If you’re looking for a building that embodies what Somerville used to be—and what it’s becoming—15 Quincy Street fits the bill. The three-story, six-unit structure was built in 1895, and was originally a hotel for laborers working nearby.
Recently, the builder’s granddaughter sold it for more than $1.8 million to David Lilley, a developer and realtor. (He says she used that money to buy a home in Lynn, and to help her children purchase homes in Melrose and Tewksbury.)
Now, Lilley is rehabbing 15 Quincy Street for a very different clientele than the workers who originally occupied it.
“You’ll have a living room-dining room-kitchen combo, and then you’ll have three bedrooms, two baths, central air conditioning, rear decks,” Lilley says. “This is a very popular type of residential property right now.”
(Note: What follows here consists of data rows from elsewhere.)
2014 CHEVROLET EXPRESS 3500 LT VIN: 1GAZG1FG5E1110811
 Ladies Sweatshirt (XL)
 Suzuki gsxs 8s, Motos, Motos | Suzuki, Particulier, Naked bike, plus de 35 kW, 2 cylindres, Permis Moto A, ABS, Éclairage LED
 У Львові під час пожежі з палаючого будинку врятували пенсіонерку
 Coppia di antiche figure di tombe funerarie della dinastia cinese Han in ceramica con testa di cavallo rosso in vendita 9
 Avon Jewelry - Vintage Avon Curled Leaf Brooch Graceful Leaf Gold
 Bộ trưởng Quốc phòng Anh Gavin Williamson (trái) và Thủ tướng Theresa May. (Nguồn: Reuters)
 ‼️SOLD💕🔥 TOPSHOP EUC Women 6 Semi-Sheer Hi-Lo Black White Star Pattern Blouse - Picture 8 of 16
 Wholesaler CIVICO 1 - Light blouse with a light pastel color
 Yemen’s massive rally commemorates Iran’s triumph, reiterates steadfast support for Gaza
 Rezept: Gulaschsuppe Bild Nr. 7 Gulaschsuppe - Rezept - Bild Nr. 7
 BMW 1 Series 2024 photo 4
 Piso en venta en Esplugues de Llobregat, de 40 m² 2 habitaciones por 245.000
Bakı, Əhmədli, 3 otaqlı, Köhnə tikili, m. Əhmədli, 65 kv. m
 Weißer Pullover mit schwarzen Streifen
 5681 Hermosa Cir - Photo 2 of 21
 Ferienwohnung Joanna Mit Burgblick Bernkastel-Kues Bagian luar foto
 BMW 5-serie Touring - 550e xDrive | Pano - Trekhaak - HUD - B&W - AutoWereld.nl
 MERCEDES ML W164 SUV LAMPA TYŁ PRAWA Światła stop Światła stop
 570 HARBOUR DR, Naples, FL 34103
They won’t come cheap. Lilley expects the six units to sell for $650,000 or $700,000, and to rent for between $3400 and $3600 monthly—about ten times what they fetched 35 years ago, back when he first entered the real-estate business.
Construction is ongoing, but it’s easy to see the property’s appeal: there are high ceilings, bay windows, a roomy stairwell that boasts exquisitely detailed woodworking.
Another selling point: the future arrival of the Green Line extension, which will include includes a stop in Union Square, half a mile away.
Massachusetts recently decided to go ahead with the GLX, as it’s called, despite cost overruns that had threatened to kill the project. The new GLX plan is stripped down, and still needs final federal approval.
Still, Lilley says anticipation linked to the GLX is already boosting Somerville real-estate prices—and that its completion will push them even higher.
“They are pricing it in now, but once it’s here, that’ll really drive it,” he tells WGBH News. “This is something that’s been coming for over 25 years!”
Somerville’s housing market might already be the state’s hottest—the increase in single-family homes is nothing short of stunning—and if the Green Line has the effect Lilley anticipates, it won’t be good for everyone.
At a recent affordable-housing lottery at Somerville City Hall, a few dozen people anxiously watched as Danny LeBlanc, the CEO of the nonprofit Somerville Community Corporation, called out numbers linked to applications for a new development at 181 Washington Street in Union Square.
The anxiety in the room was palpable, and the odds were dauntingly long: just 35 units are being built—and 3400 people have applied.
Among them: Sonya Fuentes, a Somerville single mom who says she simply can’t afford to pay market rate.
“It would be too expensive,” Fuentes says. “Two bedrooms are about, like $2000 in Somerville.”
“I currently work at the airport, American Airlines,” she adds. “I get paid good, but not enough. So that’s why I’m here.”
It’s a far cry from the Somerville that LeBlanc moved to in 1976. He and three roommates shared a two-floor, four-bedroom apartment and split the rent. Their total cost: $250 a month.
Since then, LeBlanc has seen the Red Line extended Porter and Davis Squares, and watched housing prices climb across the city.
“This is not a perfect statement, but generally speaking, the western half of the city has gentrified more and sooner than the eastern half,” LeBlanc says. “So it’s kind of migrating east, we like to say.”
The Green Line Extension seems to be hastening that progression—but LeBlanc supports the project. For one thing, he argues, Somerville would be gentrifying regardless: an ever-increasing number of young, well-educated people want to live in cities, and there’s a massive lack of housing supply.
But he also considers the extension a matter of principle.
“Everybody ought to have good transportation in an urban area,” LeBlanc says. “And that especially means low and moderate income people who need it.
Of course, before they can take the train, they’ll need somewhere to live.
A recent change to Somerville’s inclusionary housing ordinance might help. Large new projects featuring 18 or more residences will have to set aside 20 percent of those units as affordable housing—a sharp increase from the existing set-aside rate of 12.5 percent.
But while that should alleviate some of the demand on the lower end of the market, it’s likely that Somerville will see more crowded, tense housing lotteries in the years to come.